Class II division 2 malocclusion


The British Standards Classification defines Class II division 2 malocclusion as follows: the lower incisor edges occlude posterior to the cingulum plateau of the upper incisors; the upper central incisors are retroclined, the overjet is usually minimal but may be increased. Among Caucasians, the prevalence is reported to be about 10%.1


This malocclusion has a strong genetic component2 with most resulting from the interplay of skeletal and soft tissue factors.

Skeletal Factors

Usually the skeletal pattern is mildly Class II, due to mandibular retrognathia, but it may be Class I or even mildly Class III.3,4 A reduced lower facial height is typical,5 in association with an anterior (anticlockwise) mandibular growth rotation, which tends to increase the overbite and lead to forward projection of the chin2,5 (Figure 17.1a). Due to the relatively wide maxillary base, and narrower lower intercanine width,6 the first premolars may be in lingual crossbite (scissors bite).

Figure 17.1 (a) Class II skeletal pattern with reduced FMPA, deep labiomental fold and relatively prominent chin point; (b) associated high lower lip line evident on smiling; and (c) typical Class II division 2 malocclusion.


Soft Tissue Factors

As the lower facial height is reduced, the lower lip line is high on the upper incisors, covering more that one-third of the labial surface, and is the predominant cause of their retroclination7 (Figure 17.1b).
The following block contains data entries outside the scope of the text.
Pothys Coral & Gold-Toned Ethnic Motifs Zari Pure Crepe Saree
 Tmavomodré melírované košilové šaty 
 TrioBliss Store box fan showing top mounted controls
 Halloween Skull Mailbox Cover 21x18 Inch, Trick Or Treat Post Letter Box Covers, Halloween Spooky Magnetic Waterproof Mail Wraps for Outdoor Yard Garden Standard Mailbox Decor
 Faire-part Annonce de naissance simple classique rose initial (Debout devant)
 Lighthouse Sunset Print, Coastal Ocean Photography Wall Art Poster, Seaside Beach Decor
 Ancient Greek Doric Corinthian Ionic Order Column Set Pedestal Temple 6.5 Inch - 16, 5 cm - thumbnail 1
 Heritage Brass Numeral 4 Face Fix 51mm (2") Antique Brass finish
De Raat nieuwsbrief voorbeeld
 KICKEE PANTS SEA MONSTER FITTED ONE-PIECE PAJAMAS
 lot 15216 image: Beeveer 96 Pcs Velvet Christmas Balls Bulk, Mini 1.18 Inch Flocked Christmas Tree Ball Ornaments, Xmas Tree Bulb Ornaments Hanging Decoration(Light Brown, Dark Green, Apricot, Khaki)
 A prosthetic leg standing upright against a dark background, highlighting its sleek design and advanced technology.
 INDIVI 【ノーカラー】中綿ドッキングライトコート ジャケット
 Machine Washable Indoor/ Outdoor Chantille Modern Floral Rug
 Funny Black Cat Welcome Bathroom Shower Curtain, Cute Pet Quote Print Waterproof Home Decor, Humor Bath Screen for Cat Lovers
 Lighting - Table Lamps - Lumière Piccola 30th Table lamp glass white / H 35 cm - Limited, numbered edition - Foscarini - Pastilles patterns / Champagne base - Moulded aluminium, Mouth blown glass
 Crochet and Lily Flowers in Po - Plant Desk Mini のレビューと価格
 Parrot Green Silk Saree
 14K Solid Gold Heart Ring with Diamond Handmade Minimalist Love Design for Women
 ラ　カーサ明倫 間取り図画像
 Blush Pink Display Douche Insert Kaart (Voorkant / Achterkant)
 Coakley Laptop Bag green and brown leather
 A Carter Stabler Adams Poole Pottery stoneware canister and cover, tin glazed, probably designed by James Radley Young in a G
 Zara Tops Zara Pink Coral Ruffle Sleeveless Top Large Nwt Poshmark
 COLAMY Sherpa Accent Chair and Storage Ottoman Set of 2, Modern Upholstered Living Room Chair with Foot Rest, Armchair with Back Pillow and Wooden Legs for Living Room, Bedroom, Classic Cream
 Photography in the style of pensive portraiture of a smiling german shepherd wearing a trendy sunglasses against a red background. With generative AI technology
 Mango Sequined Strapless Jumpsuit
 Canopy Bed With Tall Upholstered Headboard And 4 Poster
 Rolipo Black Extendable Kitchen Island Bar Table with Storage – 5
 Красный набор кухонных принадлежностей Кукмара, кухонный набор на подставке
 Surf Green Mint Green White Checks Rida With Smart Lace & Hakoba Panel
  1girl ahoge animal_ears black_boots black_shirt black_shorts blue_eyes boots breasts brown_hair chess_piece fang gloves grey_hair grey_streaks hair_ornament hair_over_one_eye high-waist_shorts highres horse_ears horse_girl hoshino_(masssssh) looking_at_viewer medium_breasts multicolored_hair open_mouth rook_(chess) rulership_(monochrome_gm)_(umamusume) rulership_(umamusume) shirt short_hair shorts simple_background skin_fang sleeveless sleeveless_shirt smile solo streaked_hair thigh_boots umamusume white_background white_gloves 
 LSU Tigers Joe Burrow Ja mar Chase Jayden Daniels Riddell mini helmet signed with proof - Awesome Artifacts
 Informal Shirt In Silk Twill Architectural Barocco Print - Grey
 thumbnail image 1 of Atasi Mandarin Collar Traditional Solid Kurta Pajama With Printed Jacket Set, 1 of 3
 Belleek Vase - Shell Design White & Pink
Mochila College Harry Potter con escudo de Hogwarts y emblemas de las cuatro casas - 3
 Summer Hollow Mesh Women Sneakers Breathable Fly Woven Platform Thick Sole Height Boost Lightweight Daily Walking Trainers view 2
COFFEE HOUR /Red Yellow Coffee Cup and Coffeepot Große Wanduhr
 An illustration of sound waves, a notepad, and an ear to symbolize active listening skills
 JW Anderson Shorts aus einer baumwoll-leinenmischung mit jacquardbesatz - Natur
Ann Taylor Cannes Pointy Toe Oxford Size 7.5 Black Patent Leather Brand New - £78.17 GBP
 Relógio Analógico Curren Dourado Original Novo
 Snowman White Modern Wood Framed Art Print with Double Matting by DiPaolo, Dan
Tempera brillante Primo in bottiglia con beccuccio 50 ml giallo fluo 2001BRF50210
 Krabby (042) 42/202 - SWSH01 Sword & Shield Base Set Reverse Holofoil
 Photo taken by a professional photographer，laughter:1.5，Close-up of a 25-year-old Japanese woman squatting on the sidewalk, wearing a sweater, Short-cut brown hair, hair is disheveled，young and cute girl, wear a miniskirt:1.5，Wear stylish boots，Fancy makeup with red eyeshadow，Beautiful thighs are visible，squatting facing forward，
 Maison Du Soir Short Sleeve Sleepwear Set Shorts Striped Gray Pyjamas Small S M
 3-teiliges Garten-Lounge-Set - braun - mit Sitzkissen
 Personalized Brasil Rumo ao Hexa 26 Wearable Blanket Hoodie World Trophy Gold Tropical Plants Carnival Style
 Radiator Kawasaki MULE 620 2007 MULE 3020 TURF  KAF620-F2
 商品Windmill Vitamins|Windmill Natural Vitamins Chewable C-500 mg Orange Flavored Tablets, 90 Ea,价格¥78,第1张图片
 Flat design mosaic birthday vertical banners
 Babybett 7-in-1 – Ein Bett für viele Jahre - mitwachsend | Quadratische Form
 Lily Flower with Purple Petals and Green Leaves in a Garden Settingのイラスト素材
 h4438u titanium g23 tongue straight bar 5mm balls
Increased resting lower lip pressure (∼2.5 times as high as the upper lip resting pressure) is a complementary factor.8 Upper and lower lips are also thicker compared with Class 1 malocclusion.9 Depending on the lower lip level, the relatively shorter maxillary lateral incisor crowns may either be retroclined along with the central incisors or escape lower lip control and be of average inclination but mesiolabially rotated, a manifestation of inherent crowding (Figure 17.1c). The reduced lower facial height also leads to a relative soft tissue excess of the lower lip, reflected in the commonly observed deep labio-mental fold. Where the lips are strap-like regardless of the skeletal pattern, the upper and lower incisors may be retroclined (bimaxillary retroclination; Figure 17.2); this is sometimes associated with a gummy smile and may be aggravated by upper incisor overeruption.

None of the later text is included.